Between sessions: You may notice more awareness of body sensations, shifting symptoms, emotional processing.
Timeline: Complex trauma requires more time; progress may be slow but lasting.
Integration: Time between sessions for the nervous system to integrate changes.
Finding an SE Practitioner
Look for:
- SE Practitioner (SEP) certification
- Training through the Somatic Experiencing International
- Experience with complex trauma
- Good therapeutic rapport
Resources:
- Somatic Experiencing International: traumahealing.org
- Directory of certified practitioners
Is SE Right for You?
Consider SE if:
- You carry trauma in your body (tension, pain, illness)
- Talk therapy hasn’t fully resolved symptoms
- You want a body-based approach
- You have difficulty accessing or talking about trauma
- You experience dissociation or shutdown
SE may require modification if:
- You’re highly dissociated (need careful titration)
- You’re in acute crisis
- You’re unable to tolerate body awareness
Research & Statistics
- Peter Levine’s research on Somatic Experiencing shows 70-80% of participants report significant symptom reduction after 12-15 sessions (Levine, 2010)

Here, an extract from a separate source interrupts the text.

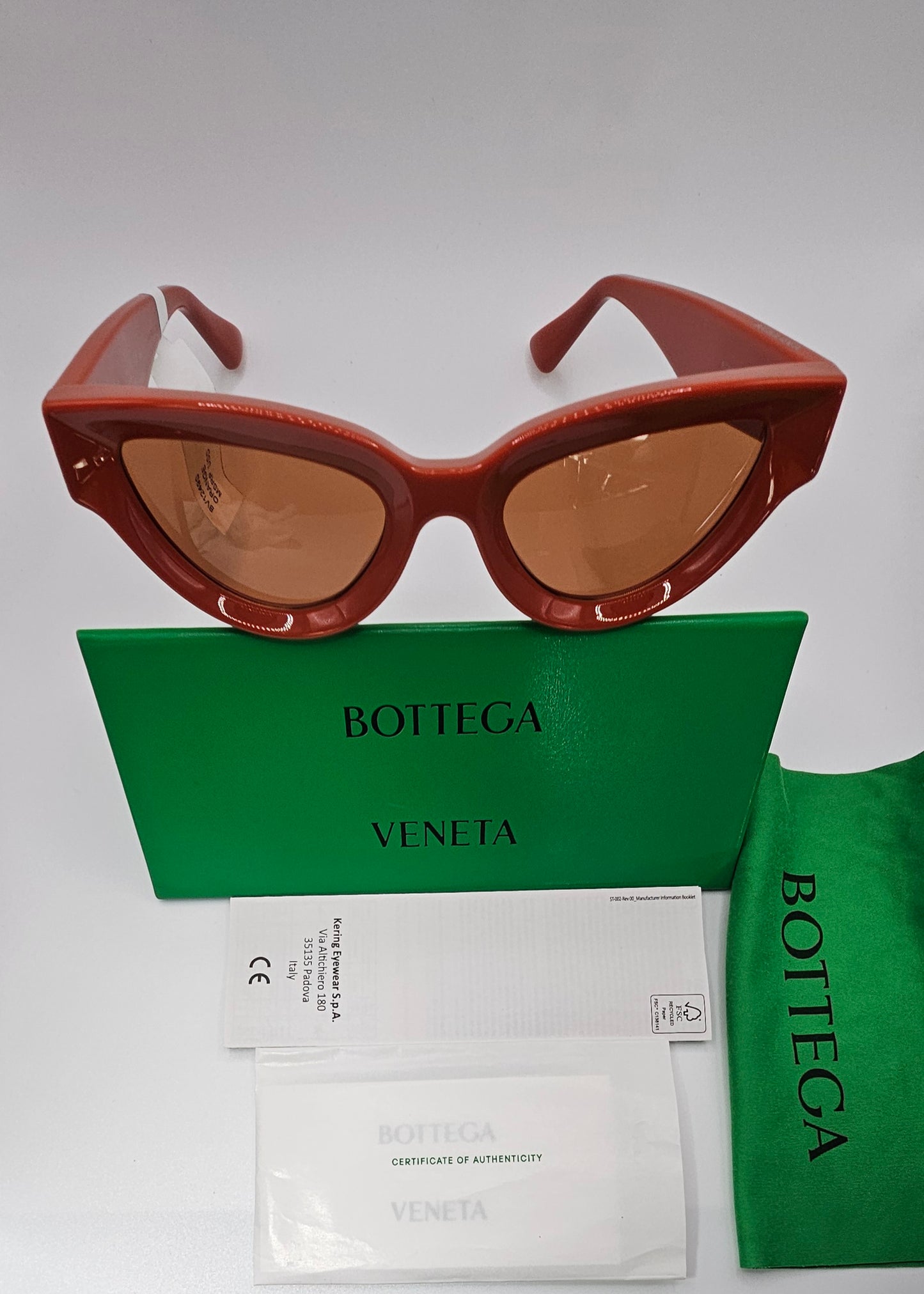 Bottega Veneta Bright Orange Women's Sunglasses BV1249S-004 53 New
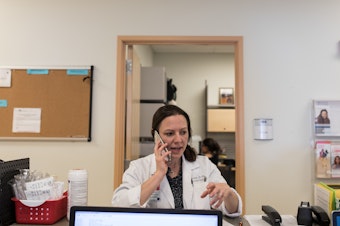 caption: Dr. Lisa Hofler runs a University of New Mexico clinic that stocks mifepristone but doesn't routinely provide prenatal care. She and her colleagues can schedule same-day appointments for women diagnosed with miscarriages elsewhere.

- Studies indicate SE produces 44% greater reduction in PTSD symptoms compared to waitlist controls (Brom, 2017)
- Research shows body-based therapies like SE activate the vagus nerve, improving heart rate variability by 15-25% in trauma survivors (Porges, 2011)
- 90% of trauma is held in the body rather than conscious memory, making somatic approaches essential for complete healing (van der Kolk, 2014)
- Studies find SE particularly effective for early and chronic trauma, showing 50% better outcomes than talk therapy alone for developmental trauma (Payne, 2015)
- Research indicates trauma survivors who complete SE training show sustained improvements at 4-year follow-up, with only 10% symptom return (Leitch, 2009)
- Neuroimaging studies show somatic therapies reduce amygdala hyperactivity by 20-30%, normalizing threat responses (Lanius, 2015)
For Survivors
Your body remembers what your mind may have forgotten or can’t quite access. The tension you carry, the vigilance, the collapse—these are your nervous system’s attempts to protect you from threats that have passed.
SE offers a way to help your body learn that the danger is over. Not through convincing your mind, but through completing what your body started long ago and never got to finish.
Healing happens in the body, not just in understanding. SE honours that truth.
Frequently Asked Questions
Somatic Experiencing (SE), developed by Peter Levine, is a body-based trauma therapy that works with physical sensations to release trapped survival energy. Unlike talk therapy, SE focuses on the felt sense—noticing tension, temperature, and movement in the body—to help the nervous system complete interrupted threat responses and restore regulation.
Traditional talk therapy focuses on thoughts and narratives; SE focuses on body sensations. Talk therapy involves cognitive processing; SE involves physical processing. SE doesn't require detailed recounting of trauma—healing happens through sensing trauma in the body and allowing natural discharge of trapped energy.
When threatened, the body mobilises massive energy for fight or flight. If this energy doesn't get discharged (because you couldn't fight or flee), it remains stuck in the nervous system, causing trauma symptoms. SE facilitates the body's completion of these interrupted responses, releasing trapped energy.
Sessions involve sitting comfortably, orienting to the room, and the therapist asking about physical sensations. You track sensations as they move or change, gently explore tension or activation without overwhelming yourself, allow natural discharge (trembling, deep breathing, warmth), and rest in new regulated states.
Yes, SE is particularly helpful for chronic activation from years of hypervigilance, frozen responses from being unable to fight or flee, dissociation and shutdown, physical symptoms from stored stress, and processing what can't be put into words—all common in narcissistic abuse survivors.